====== MATERIAL PROVIDED ======

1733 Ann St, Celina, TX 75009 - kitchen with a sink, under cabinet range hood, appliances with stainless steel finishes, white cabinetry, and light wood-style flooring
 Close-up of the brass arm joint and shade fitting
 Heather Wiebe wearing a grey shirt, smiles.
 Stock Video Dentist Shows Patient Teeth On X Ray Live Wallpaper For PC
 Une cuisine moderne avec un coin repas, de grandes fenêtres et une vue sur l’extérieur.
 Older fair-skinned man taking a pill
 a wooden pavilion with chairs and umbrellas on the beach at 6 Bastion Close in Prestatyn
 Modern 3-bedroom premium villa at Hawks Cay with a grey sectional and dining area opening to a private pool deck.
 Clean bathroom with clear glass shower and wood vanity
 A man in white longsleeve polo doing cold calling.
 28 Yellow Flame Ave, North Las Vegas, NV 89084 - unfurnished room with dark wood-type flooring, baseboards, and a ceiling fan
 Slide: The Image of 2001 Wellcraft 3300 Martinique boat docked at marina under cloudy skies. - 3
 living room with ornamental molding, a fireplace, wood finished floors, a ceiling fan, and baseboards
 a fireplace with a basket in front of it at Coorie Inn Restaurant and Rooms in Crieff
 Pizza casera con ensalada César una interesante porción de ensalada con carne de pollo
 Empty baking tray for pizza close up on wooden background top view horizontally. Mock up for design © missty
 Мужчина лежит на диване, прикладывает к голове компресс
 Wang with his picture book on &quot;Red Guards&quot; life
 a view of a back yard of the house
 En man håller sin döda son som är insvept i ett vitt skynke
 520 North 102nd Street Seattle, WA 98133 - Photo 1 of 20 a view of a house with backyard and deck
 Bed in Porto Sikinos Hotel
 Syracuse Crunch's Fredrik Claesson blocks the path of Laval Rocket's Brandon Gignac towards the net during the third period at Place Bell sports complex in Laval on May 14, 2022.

======

■ WHAT THE TASK REQUIRES ■
Reproduce each entry exactly, with nothing missing.

■ ANSWER FOR THE TASK ■
1733 Ann St, Celina, TX 75009 - kitchen with a sink, under cabinet range hood, appliances with stainless steel finishes, white cabinetry, and light wood-style flooring
 Close-up of the brass arm joint and shade fitting
 Heather Wiebe wearing a grey shirt, smiles.
 Stock Video Dentist Shows Patient Teeth On X Ray Live Wallpaper For PC
 Une cuisine moderne avec un coin repas, de grandes fenêtres et une vue sur l’extérieur.
 Older fair-skinned man taking a pill
 a wooden pavilion with chairs and umbrellas on the beach at 6 Bastion Close in Prestatyn
 Modern 3-bedroom premium villa at Hawks Cay with a grey sectional and dining area opening to a private pool deck.
 Clean bathroom with clear glass shower and wood vanity
 A man in white longsleeve polo doing cold calling.
 28 Yellow Flame Ave, North Las Vegas, NV 89084 - unfurnished room with dark wood-type flooring, baseboards, and a ceiling fan
 Slide: The Image of 2001 Wellcraft 3300 Martinique boat docked at marina under cloudy skies. - 3
 living room with ornamental molding, a fireplace, wood finished floors, a ceiling fan, and baseboards
 a fireplace with a basket in front of it at Coorie Inn Restaurant and Rooms in Crieff
 Pizza casera con ensalada César una interesante porción de ensalada con carne de pollo
 Empty baking tray for pizza close up on wooden background top view horizontally. Mock up for design © missty
 Мужчина лежит на диване, прикладывает к голове компресс
 Wang with his picture book on &quot;Red Guards&quot; life
 a view of a back yard of the house
 En man håller sin döda son som är insvept i ett vitt skynke
 520 North 102nd Street Seattle, WA 98133 - Photo 1 of 20 a view of a house with backyard and deck
 Bed in Porto Sikinos Hotel
 Syracuse Crunch's Fredrik Claesson blocks the path of Laval Rocket's Brandon Gignac towards the net during the third period at Place Bell sports complex in Laval on May 14, 2022.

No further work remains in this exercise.